As for the teachers, one day a week is impossible to balance their lives. Ward offices open on some Saturdays but teachers won't even be able to go to that. If they do the laundry, clean the house, do maintenance on the car, or wait for a delivery that they are not sure when it will come, then the day is lost. It costs a lot too. Those suits, working clothes, all that stuff cost money.

It's a shame that I can't really give you a definitive answer on this. I raise only more questions and things to consider. However I can say I'm leaning against the idea of a 6 day work week. I'm thinking about the long term results that affect the human condition. I think it's brain-washing of the masses. I believe it ultimately leads to people feeling that they have no personal freedom and they way companies ask them to give ALL their time to the company is not to be questioned.
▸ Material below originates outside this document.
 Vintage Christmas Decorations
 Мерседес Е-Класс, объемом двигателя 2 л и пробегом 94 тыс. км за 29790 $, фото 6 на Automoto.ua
Really, if you don't know what freedom is how on Earth can you know that it's been taken away from you. Thank you for reading this. I'm interested in reading more responses.

0 ( +0 / -0 )

yet here in america where the population is booming, they are trying to go to a 4 day school week. not because of improved teaching methods that enable students to learn more quickly, but because of lack of money. i live in metro- atlanta and this year my county's school board actually voted to go to a 4 day week. they had to postpone the start date because parents, many who have never even been to a school board meeting showed up in protest,(it was an election year). the sad part is the parents were not upset about the kids learning time being shortened but were mad because they would have to pay for extra childcare while they were working. and american businesses wonder why they can't find qualified workers. because no one wants to pay for quality schools and teachers.